Alright, let's tackle this. At the very least it'll give us a good idea of what's working in Drydock and what's not.
The general use cases that Drydock needs to provide for in the region of build machines is:
- A preset list of build machines that the user has defined (e.g. preallocated hosts).
- Allocating out new hosts using various blueprints (AWS, etc.)
- Finding a host with a suitable set of capabilities.
- Allocating out a working directory on hosts of various types.
- Invoking commands remotely on the host.
- Cleaning up the working directory when the build finishes, regardless of whether the build succeeds or fails.
- Cleaning up and terminating the host resource if it's not a preallocated resource.
Looking at how Drydock behaves for allocating a working copy, it seems like it'll handle the AWS scenario quite well, but we'll need some sort of interface in Harbormaster for defining preallocated build machines (wherein Harbormaster will provide a blueprint and use that to create a specific resource).
We also need some mechanism to ensure that requesting a working copy uses a particular host; I'm reasonably confident this can just be an attribute on the working copy lease (host.lease=4) when requesting it.
If this all sounds good, I think we should proceed like so:
- Define DrydockPreallocatedHostBlueprint. This should only answer to leases with an attribute of preallocated=yes and trust the attributes to provide information about the resource it allocates. I'm reasonably confident that this should allocate out resources with a type of host. It can then provide the command interface based on the attributes of the resource. The resources it allocates should also have attributes preallocated=yes and remote=yes (in contrast with DrydockLocalHostBlueprint which will only provide where remote=no).
- Add a UI in Harbormaster to list preallocated host resources and create / edit new ones. This will basically query drydock resources where they are of the host type with attribute preallocated=yes. This UI will allow the user to define the SSH connection details as well as the target machine type (windows, mac or linux).
- Add a host lease PHID column and a working copy lease PHID column to the HarbormasterBuild object. Each build has a lease on the host and a lease for a working copy on that host.
- Update the DrydockWorkingCopyBlueprint implementation to accept an attribute of host.lease to force it to allocate on a particular host.
- Update the Harbormaster worker to request a lease for the host and working copy. It'll first request a host lease for the particular build type (windows, mac or linux) with attributes remote=yes (but leave preallocated unspecified to allow for dynamically allocated hosts). Once it has a lease on the host, it'll request a lease on a working copy where host.lease is equal to the ID of the lease it just got. The reason for requesting the lease on the host explicitly is that we need to be sure of the target machine's type (because we will be executing build commands on it).

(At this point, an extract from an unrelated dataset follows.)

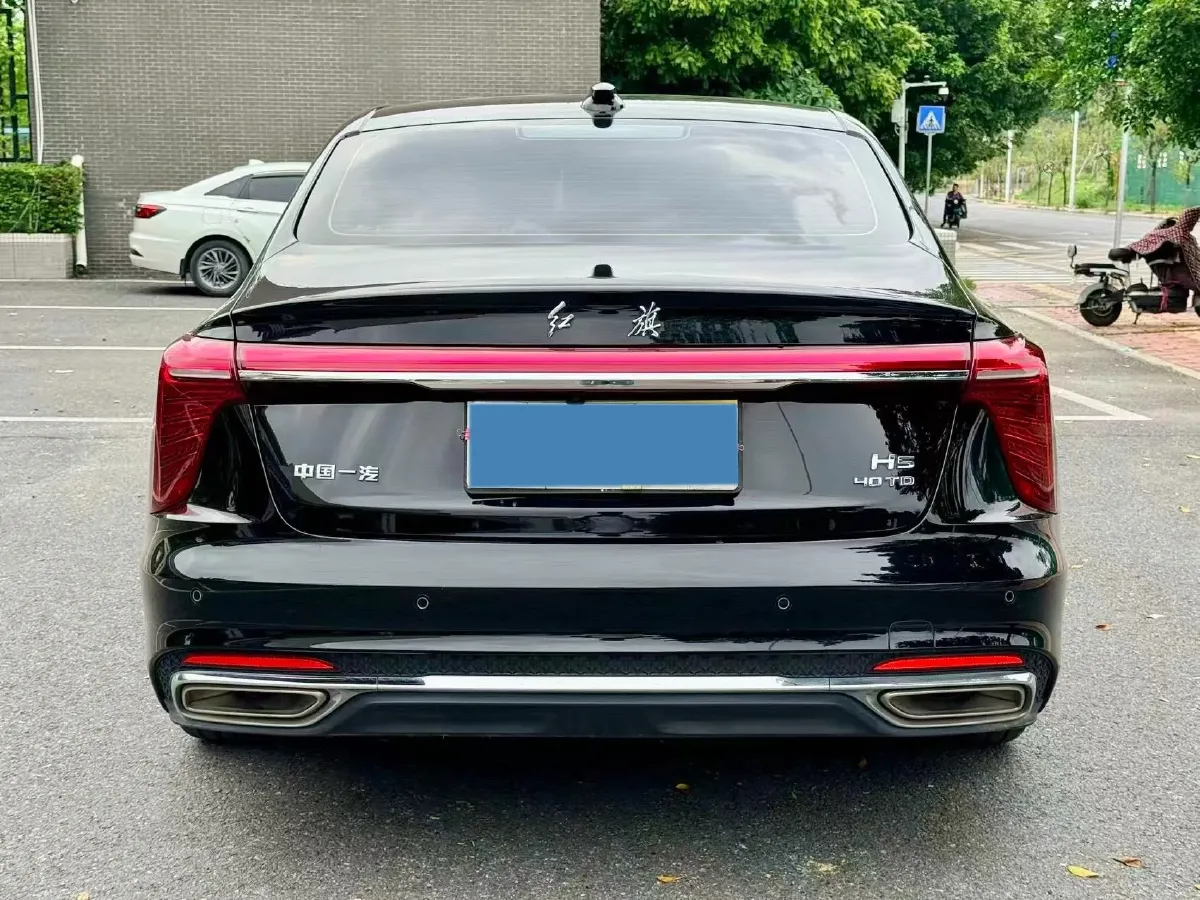 2024 HongQi H5 2.0T 224HP L4 8AT,autocango,china used car exporter,china ev exporter,chinese used car exporter,chinese used ev exporter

- Update HarbormasterBuildPlan to add a machine type column where the values can either be windows, mac or linux. We'll make this a drop-down field in the UI, but we could change it to a text field if there's demand for it later on.
- Introduce DrydockRemoteCommandBuildStepImplementation; a variant of RemoteCommandBuildStepImplementation that instead uses the command interface on the host lease to run the command in the working directory provided by the working copy lease. It seems DrydockCommandInterface already supports everything we'll need (it returns an ExecFuture) so this should be reasonably trivial.
- Ensure that build plans configured for Windows and Linux target machines execute and lease correctly, and that DrydockRemoteCommandBuildStepImplementation executes the builds correctly.
- If UploadArtifactBuildStepImplementation is present in upstream, also create a version of that that uses the host and working copy leases. We should probably add a transfer interface used to transfer files independent of how the host resource is provided. This would even allow us to switch between SFTP and SCP on varying host types (e.g. differences between Windows and Linux).
- Once the dust settles and this all looks like it's working, drop the RemoteCommandBuildStepImplementation and UploadArtifactBuildStepImplementation build steps. Remove the harbormaster.temporary.hosts.whitelist configuration option.
- Celebrate that Drydock is now being used.